**HOW TO COMPLETE THIS TASK:**
Write out the data exactly, please, and omit the pictures.

**AVAILABLE DATA:**
/---
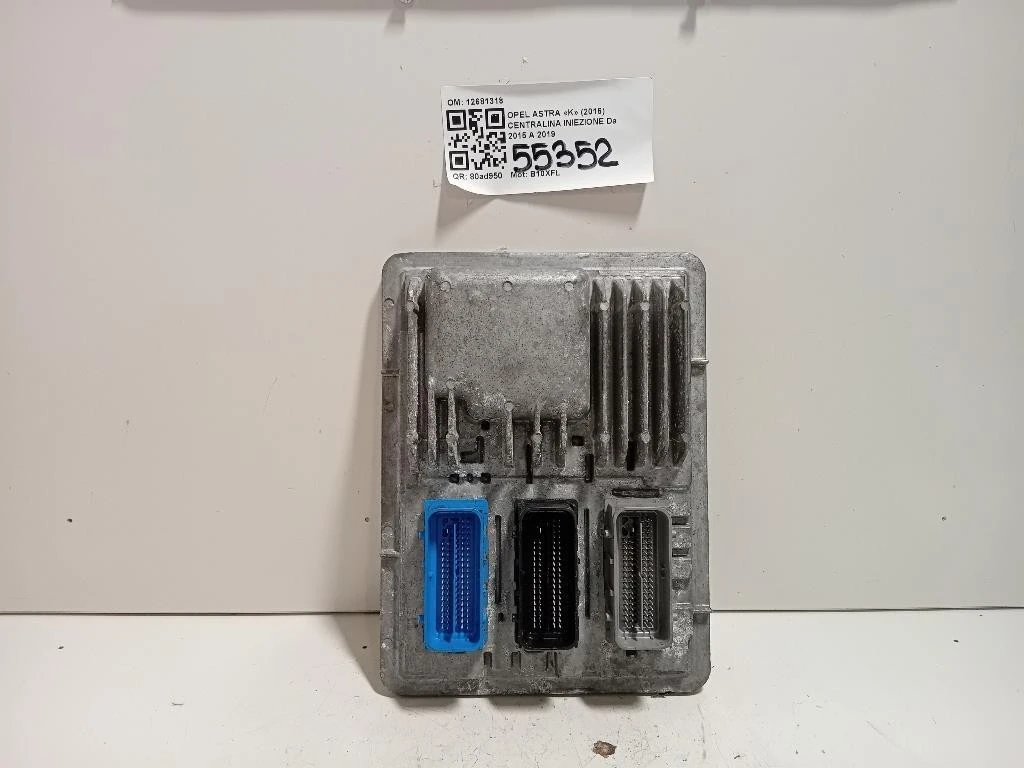 Centralina Iniezione 12681318 Opel Astra K 2016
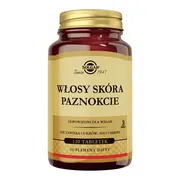 Solgar Włosy Skóra Paznokcie, tabletki, 120 szt.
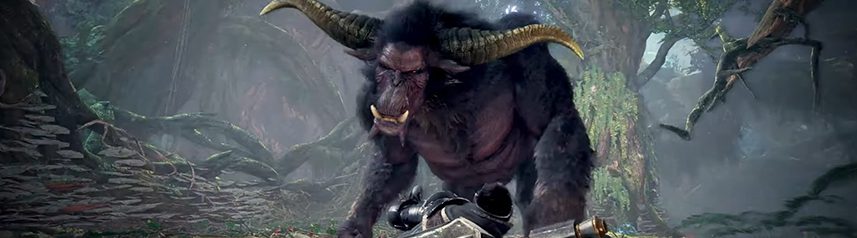 monster hunter world rajang banner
\---
**RESULT OF THIS TASK:**
 Centralina Iniezione 12681318 Opel Astra K 2016
 Solgar Włosy Skóra Paznokcie, tabletki, 120 szt.
 monster hunter world rajang banner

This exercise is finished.